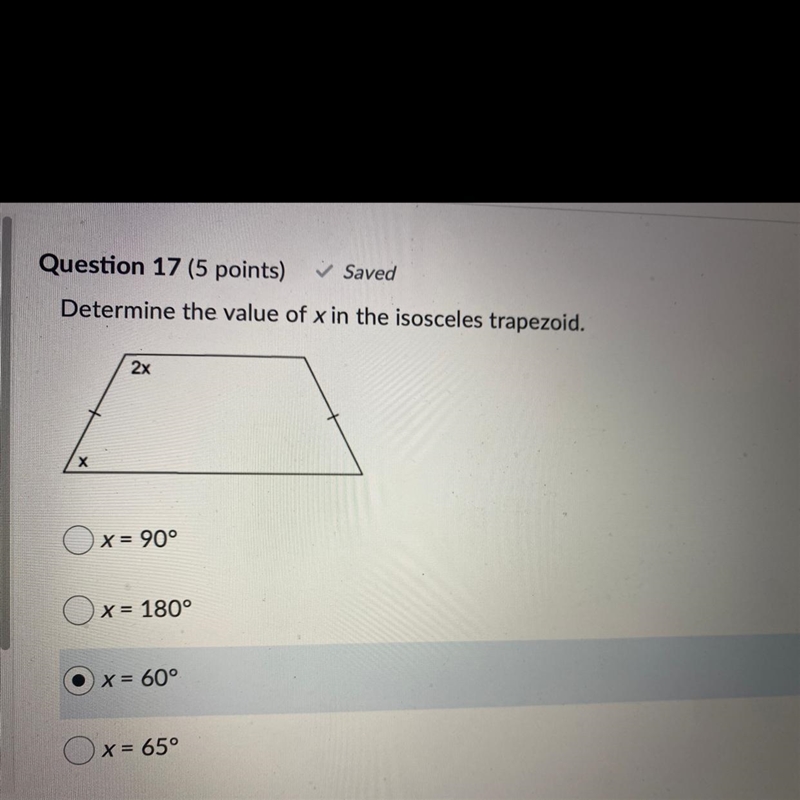 Determine the value of x in the isosceles trapezoid. Please help-example-1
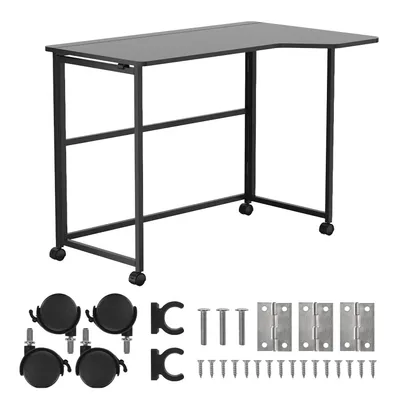 Produktbild von Klappbarer Schreibtisch „Maclean“ schwarz fahrbar 100 x 65 cm max. 50 kg eckig L-Form MC-1250 L/B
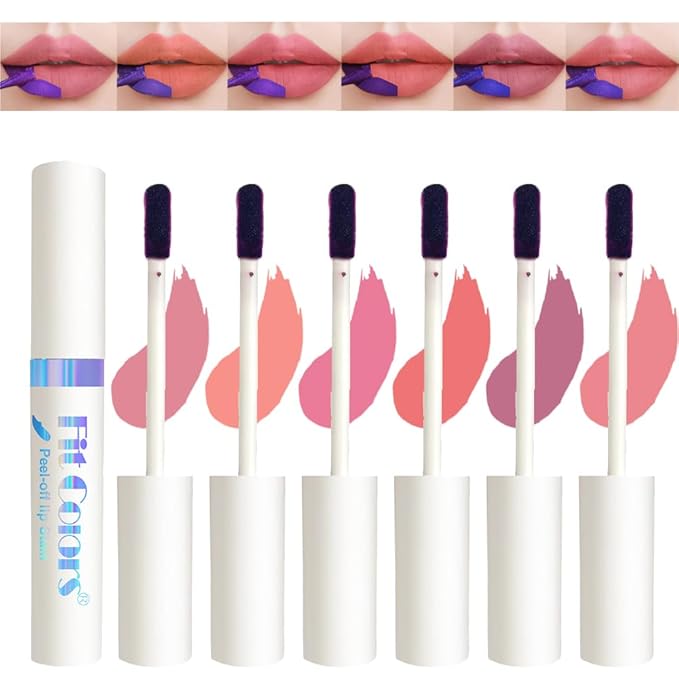 sam sugar 6Pcs Lip Stain Peel Off Long Lasting Waterproof Lipstick Lip Tint Transfer Proof Lip Stain Highly Pigmented All Day Magic Lipstick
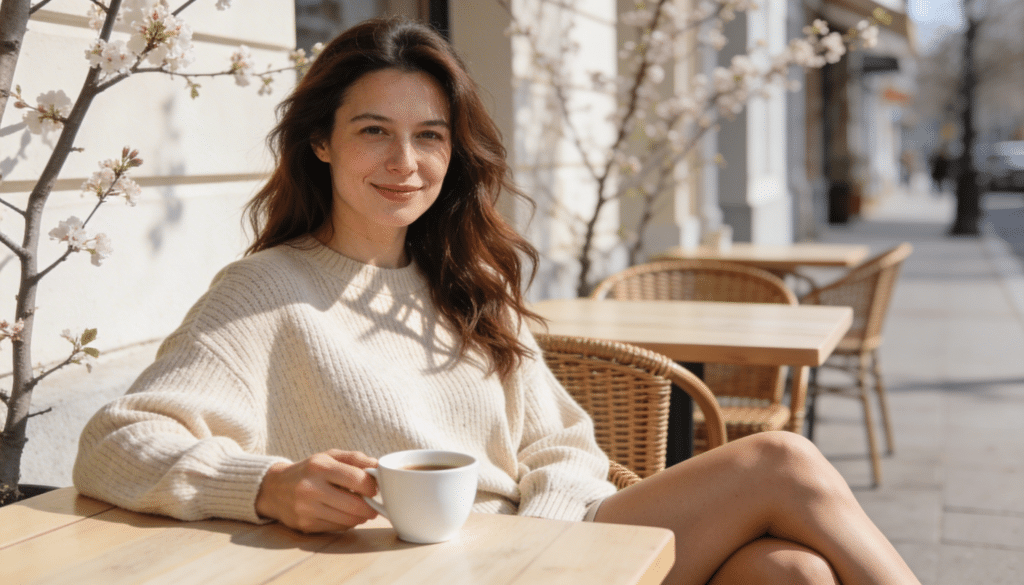 Femme active portant un pull maille fine femme beige au printemps, tenue mi-saison chic et confortable pour le bureau
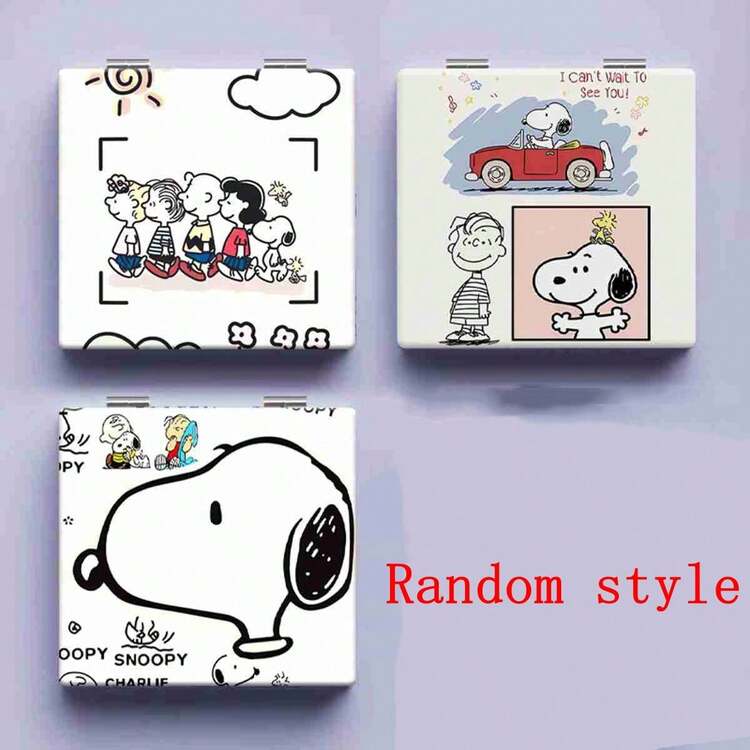 SNOOPY 1件 2026年流行史努比雙面鏡，便攜易收納，方便日常化妝與理容，適合新年、萬聖節、聖誕節送給親友的驚喜禮物（隨機款式） - 彩色 - 查看 7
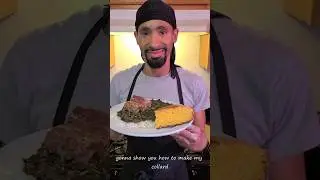 How to make Collard Greens with smoked neckbones and cast-iron skillet Cornbread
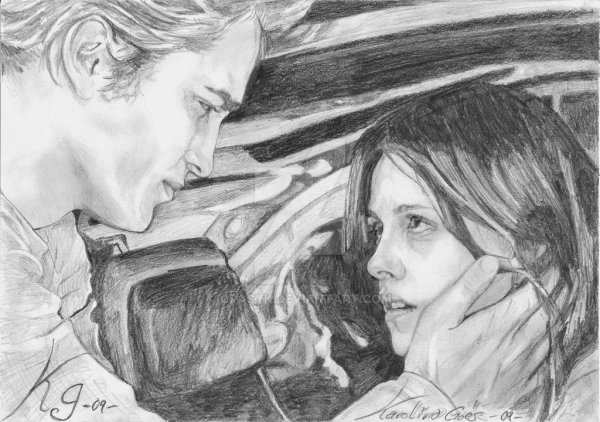 Рисовать Белла между Джейкобом и Эдвардом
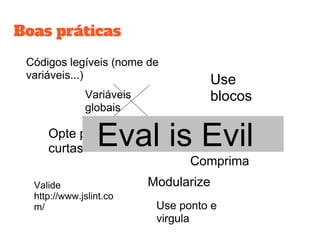 Boas práticas
Códigos legíveis (nome de
variáveis...)
Variáveis
globais
Opte por notações
curtas
ModularizeValide
http://www.jslint.co
m/ Use ponto e
virgula
Escop
o
Use
blocos
Comprima
Eval is Evil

* * * *

> [Exercise requirements]
Retype all entries exactly as they appear, dropping the images.

> [Expected answer]
 Determine the value of x in the isosceles trapezoid. Please help-example-1
 Produktbild von Klappbarer Schreibtisch „Maclean“ schwarz fahrbar 100 x 65 cm max. 50 kg eckig L-Form MC-1250 L/B
 sam sugar 6Pcs Lip Stain Peel Off Long Lasting Waterproof Lipstick Lip Tint Transfer Proof Lip Stain Highly Pigmented All Day Magic Lipstick
 Femme active portant un pull maille fine femme beige au printemps, tenue mi-saison chic et confortable pour le bureau
 SNOOPY 1件 2026年流行史努比雙面鏡，便攜易收納，方便日常化妝與理容，適合新年、萬聖節、聖誕節送給親友的驚喜禮物（隨機款式） - 彩色 - 查看 7
 How to make Collard Greens with smoked neckbones and cast-iron skillet Cornbread
 Рисовать Белла между Джейкобом и Эдвардом
 Boas práticas
Códigos legíveis (nome de
variáveis...)
Variáveis
globais
Opte por notações
curtas
ModularizeValide
http://www.jslint.co
m/ Use ponto e
virgula
Escop
o
Use
blocos
Comprima
Eval is Evil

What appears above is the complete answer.